A powerful shudder roiled through Matt’s body. Seconds passed in its grip. He thought he heard another shot, but revised his opinion in a split second. What he’d heard was the cell phone crashing onto the parquet floor, and behind that, an echo of the gun blast. He moved swiftly to the front door, careful to stay concealed. A massive amount of blood had already pooled on the hardwood floor. Too much loss to survive? Matt laid a finger at Everly’s carotid artery. He felt nothing.
Everly lay dead in his tracks.
A chill train wreck of emotions rose up in Matt. To see a man dropped in cold blood without warning, shot in the back like that, crossed the line. Jesus, Mary and Joseph. He crossed himself with the motions his mother had taught him when he was too young to know what he was doing. If I die before I wake, I pray the Lord my soul to take…

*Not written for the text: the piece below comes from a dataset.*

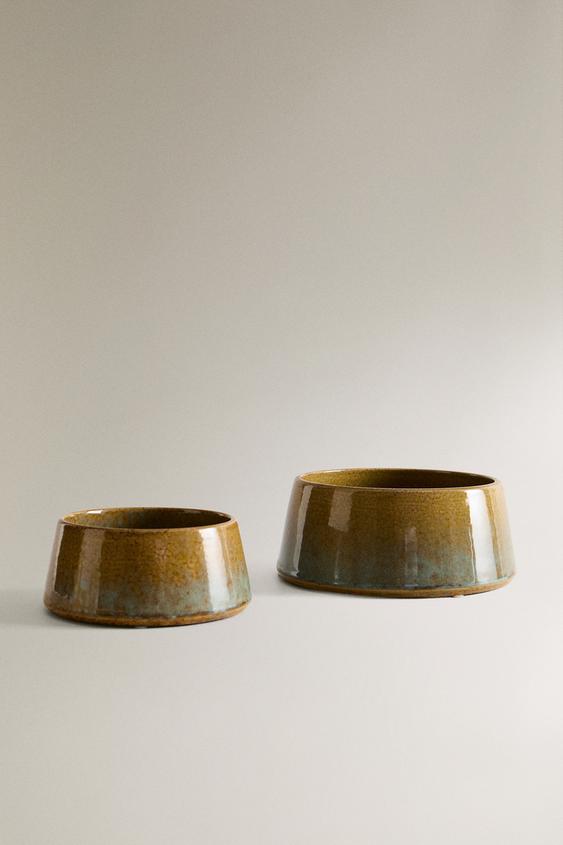 CERAMIC PETS BOWL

He wasn’t sure he believed any of that anymore. He knew if there was a hell, Everly deserved to be set on that path. But shooting Everly in the back had never occurred even in the stark revenge fantasies Matt had harbored.
The freezing night air rolled in through the open door, but failed to carry off the stench of blood. Aware of the commotion the shot had caused in the stables, of horses half-frenzied, he fought the overwhelming temptation to return fire blindly just to draw it again. He might get a fix on the direction the shot had come from or the direction the shooter had moved. There was no other noise. No sounds of a retreating vehicle. But even if the ruse worked, how would he explain his own presence?
The murder of Kyle Everly changed everything. It didn’t take a lot of imagination to see that Everly’s death opened the door to a huge power struggle among the members of The Fraternity. That someone would move in soon to fill the vacuum of power.
Matt made the split-second decision to reinvent himself and his mission. He could not be seen here tonight. He moved out of range of Everly’s bloody corpse, stood and began to move soundlessly away. He snatched up the papers he had printed and shut down the computer.
When he left there must be no hint that anyone had been inside the mansion at the moment of Everly’s demise.
No more than sixty seconds had passed. Still no one appeared in the yard to check out a shot in the dark, but the turmoil in the stables escalated.
Six months ago what Matt knew about horses could have fit onto the head of a pin, but even then he’d have recognized the high-pitched whinnying and the sounds of hooves crashing against barriers for what it was. The edge of stampede behavior in what amounted to a lockdown situation. A disaster waiting to happen to very pricey animals.
Was it the gunshot, or the scent of death permeating the frozen night air that incited the panic?